## What you are asked to do:
Only one stretch of the data is wanted: the line containing "Load image into", the line containing "Classic USGS Big", and every line between them, copied exactly.

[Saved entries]
^^^^^^^^^^^^^^^^
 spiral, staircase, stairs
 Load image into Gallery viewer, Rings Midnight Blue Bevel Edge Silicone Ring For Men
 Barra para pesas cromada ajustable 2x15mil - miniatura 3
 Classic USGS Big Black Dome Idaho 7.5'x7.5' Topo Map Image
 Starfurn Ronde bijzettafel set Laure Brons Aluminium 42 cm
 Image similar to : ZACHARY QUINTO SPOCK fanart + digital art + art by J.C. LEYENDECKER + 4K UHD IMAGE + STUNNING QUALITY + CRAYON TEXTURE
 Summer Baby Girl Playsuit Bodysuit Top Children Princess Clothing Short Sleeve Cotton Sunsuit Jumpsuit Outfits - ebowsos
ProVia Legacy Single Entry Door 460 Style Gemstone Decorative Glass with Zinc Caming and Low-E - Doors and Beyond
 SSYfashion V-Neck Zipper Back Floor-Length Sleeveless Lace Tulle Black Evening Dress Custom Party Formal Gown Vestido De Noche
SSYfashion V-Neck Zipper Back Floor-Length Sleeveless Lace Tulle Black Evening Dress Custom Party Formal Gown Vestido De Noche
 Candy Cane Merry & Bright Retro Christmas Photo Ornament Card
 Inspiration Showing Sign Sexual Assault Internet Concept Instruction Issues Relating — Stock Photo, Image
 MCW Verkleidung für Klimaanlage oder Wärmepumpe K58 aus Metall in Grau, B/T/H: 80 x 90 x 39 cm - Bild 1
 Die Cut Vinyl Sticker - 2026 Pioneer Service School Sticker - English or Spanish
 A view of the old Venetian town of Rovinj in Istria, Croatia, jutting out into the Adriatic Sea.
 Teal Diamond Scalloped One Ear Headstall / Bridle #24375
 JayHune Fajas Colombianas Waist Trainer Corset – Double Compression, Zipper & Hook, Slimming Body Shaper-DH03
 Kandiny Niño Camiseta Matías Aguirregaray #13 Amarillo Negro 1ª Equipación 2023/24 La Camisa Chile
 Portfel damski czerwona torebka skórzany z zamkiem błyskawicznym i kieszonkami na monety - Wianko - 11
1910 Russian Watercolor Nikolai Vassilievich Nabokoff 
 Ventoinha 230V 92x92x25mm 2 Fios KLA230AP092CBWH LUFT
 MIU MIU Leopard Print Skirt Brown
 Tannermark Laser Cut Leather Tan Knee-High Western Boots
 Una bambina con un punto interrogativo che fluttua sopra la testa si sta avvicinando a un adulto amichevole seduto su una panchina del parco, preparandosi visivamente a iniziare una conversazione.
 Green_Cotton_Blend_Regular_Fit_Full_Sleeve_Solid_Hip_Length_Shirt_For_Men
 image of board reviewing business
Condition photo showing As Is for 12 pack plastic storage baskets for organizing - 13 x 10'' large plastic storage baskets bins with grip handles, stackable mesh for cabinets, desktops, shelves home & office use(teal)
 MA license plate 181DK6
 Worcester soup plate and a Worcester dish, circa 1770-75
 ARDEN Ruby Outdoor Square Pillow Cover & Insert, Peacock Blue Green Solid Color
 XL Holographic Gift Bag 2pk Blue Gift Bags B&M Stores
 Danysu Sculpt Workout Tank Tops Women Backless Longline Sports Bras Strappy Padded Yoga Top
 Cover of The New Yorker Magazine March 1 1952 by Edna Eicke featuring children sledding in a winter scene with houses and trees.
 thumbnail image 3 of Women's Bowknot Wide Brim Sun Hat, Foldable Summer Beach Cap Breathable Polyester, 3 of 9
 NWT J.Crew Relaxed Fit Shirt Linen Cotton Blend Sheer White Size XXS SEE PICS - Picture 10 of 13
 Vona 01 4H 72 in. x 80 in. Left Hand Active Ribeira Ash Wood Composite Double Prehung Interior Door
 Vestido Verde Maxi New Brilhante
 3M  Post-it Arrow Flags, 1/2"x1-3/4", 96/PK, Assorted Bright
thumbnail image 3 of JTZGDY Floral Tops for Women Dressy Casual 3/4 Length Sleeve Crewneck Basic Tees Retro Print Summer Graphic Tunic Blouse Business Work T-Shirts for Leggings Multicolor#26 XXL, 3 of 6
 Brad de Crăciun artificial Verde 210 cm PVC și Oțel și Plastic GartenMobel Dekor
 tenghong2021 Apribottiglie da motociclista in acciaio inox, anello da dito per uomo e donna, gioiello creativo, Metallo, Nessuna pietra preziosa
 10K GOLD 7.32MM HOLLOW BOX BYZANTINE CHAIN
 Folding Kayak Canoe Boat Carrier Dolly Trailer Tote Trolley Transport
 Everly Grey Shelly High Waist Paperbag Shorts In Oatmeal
^^^^^^^^^^^^^^^^
## Solution:
 Load image into Gallery viewer, Rings Midnight Blue Bevel Edge Silicone Ring For Men
 Barra para pesas cromada ajustable 2x15mil - miniatura 3
 Classic USGS Big Black Dome Idaho 7.5'x7.5' Topo Map Image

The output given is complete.